Supplied material
BEGIN

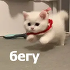 https://i.postimg.cc/y8PcJSmK/0-267.png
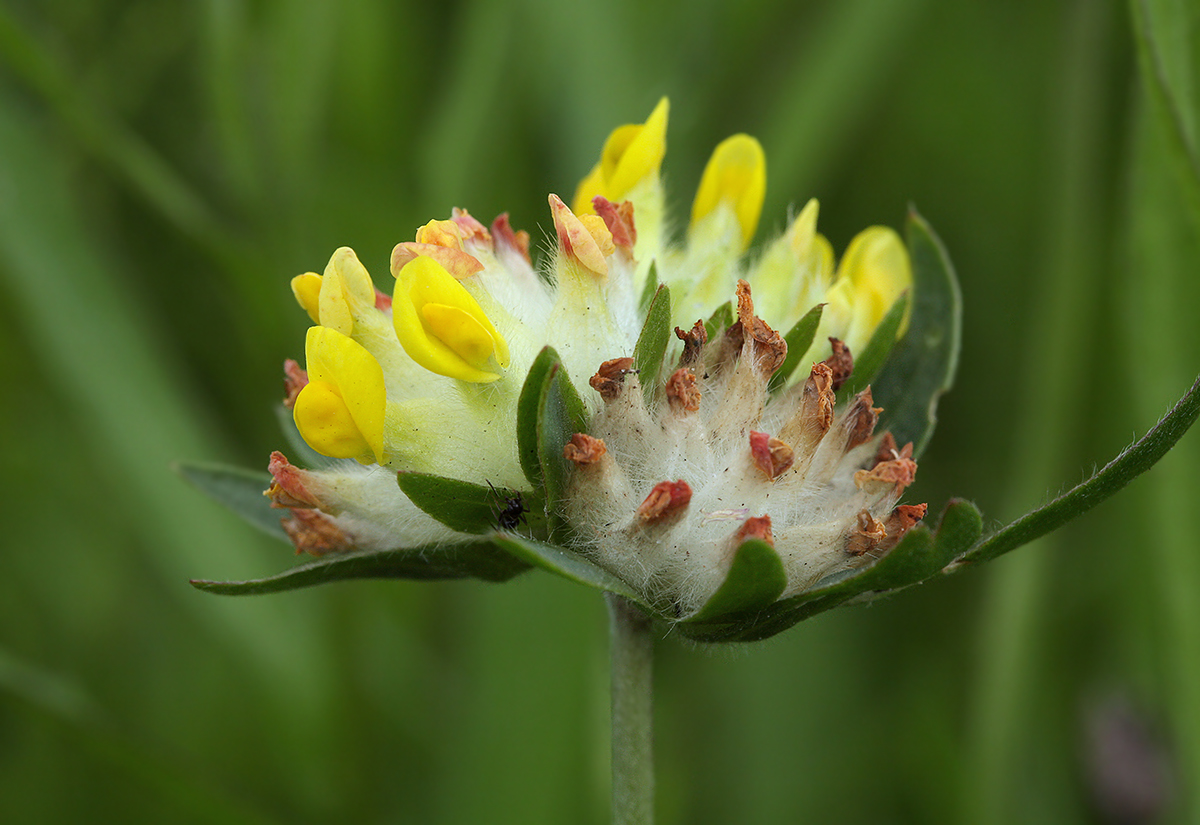 Изображение особи Anthyllis macrocephala.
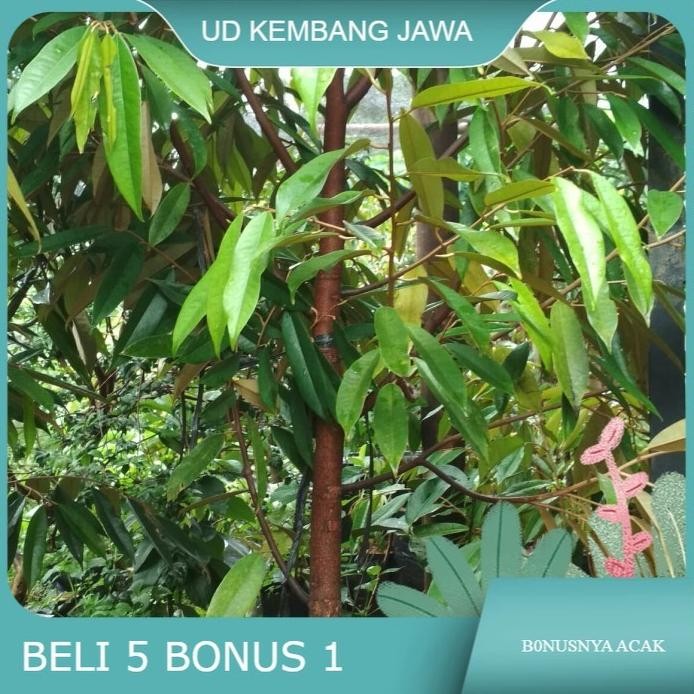 

Terlaris Bibit Pohon Durian Musang King Umur 3 Tahun Tinggi 1.5 Meter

END

Work required
Pictures stay out; retype only the lines from the line containing "Изображение особи Anthyllis macrocephala." through the end of the listing, inclusive, exactly as they appear.

Result for this task
 Изображение особи Anthyllis macrocephala.

Terlaris Bibit Pohon Durian Musang King Umur 3 Tahun Tinggi 1.5 Meter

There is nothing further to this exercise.